New generation of ‘convertible’ devices on display at major industry trade show

Acer’s Iconia W510, released in November, is a tablet PC that can be used in three different modes: tablet, productivity, and presentation.

Pity the poor laptop. The darling of the tech world just a couple of years ago, laptops have become one of the biggest casualties of the tablet phenomenon. For consumers enamored of touch-screen tablets, laptops suddenly seem like stale, clunky gadgets whose basic clamshell design hasn’t changed all that much in two decades.

It opens. It shuts. Yawn.

But this week at the 2013 International Consumer Electronics Show in Las Vegas, the laptop is attempting a comeback. The stodgy clamshell is being cast aside by manufacturers who are trying to create a new category of device that combines the feel and functions of tablets and laptops.

Call them hybrids. Call them convertibles. These new computers fold. They twist. They slide. They detach.

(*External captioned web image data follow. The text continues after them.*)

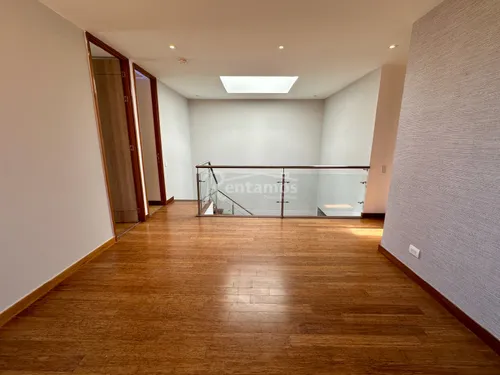 Casa En Arriendo En Loma Del Atravesado. Cod A776184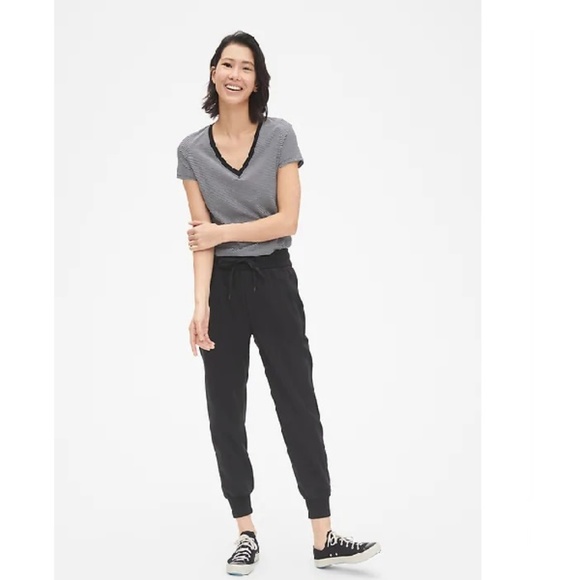 GAP Pants - NWT Gap Rib Mix Joggers L Black v848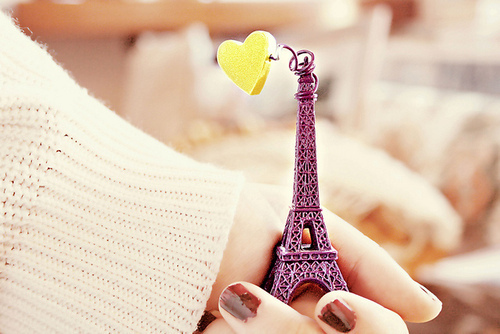 Kisah di Balik Novel dan Film “Eiffel... I’m in Love” 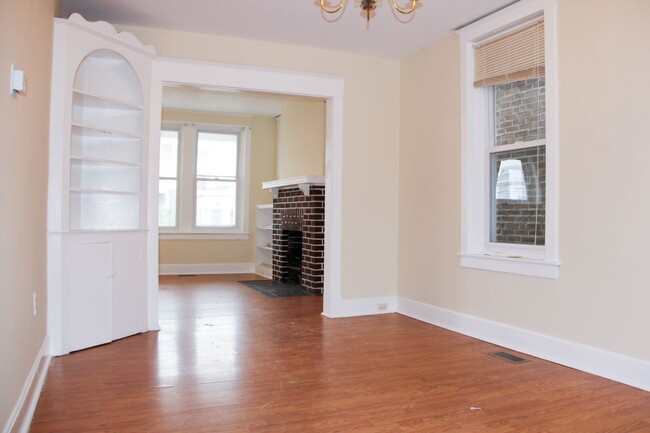 Building Photo - Lovely Townhouse in Baynard Boulevard Hist...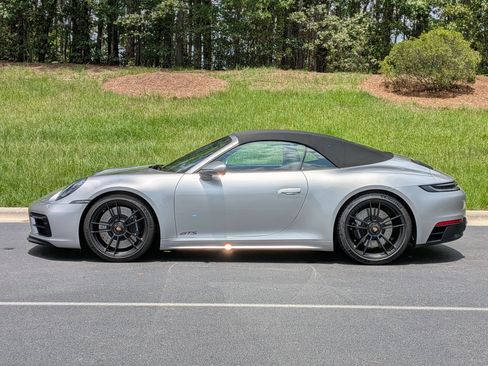 Certified 2023 Porsche 911 Carrera 4 GTS AWD/4WD image 2
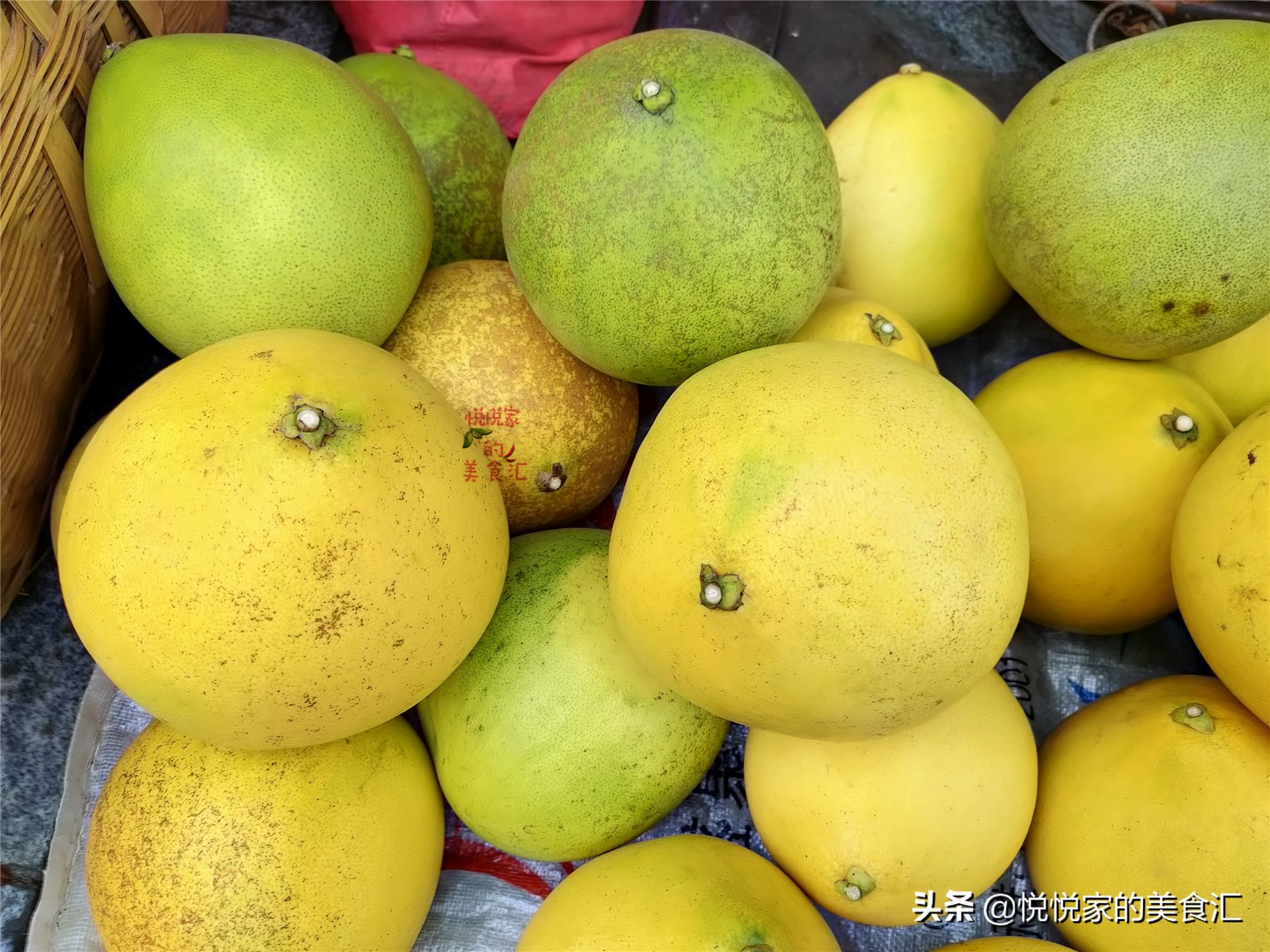 怎么挑柚子比较好吃,怎样挑柚子又甜又有水分又好吃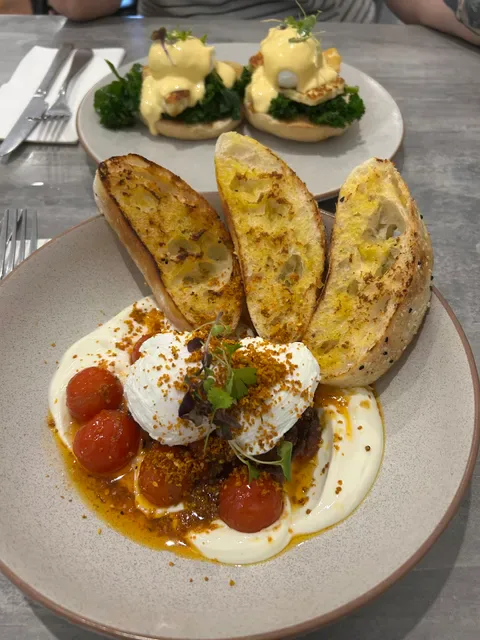 Rabbit Hole Cafe - Wynnum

And, more importantly, they are spawning like crazy. This wild burst of experimentation is being driven by a number of trends that suddenly converged: thinner designs, better touch screens, and the arrival in October of Windows 8, Microsoft Corp.’s new operating system designed for touch screens.

But there’s another crucial element: desperation. Industry insiders say laptops have to change quickly or face a long, slow decline.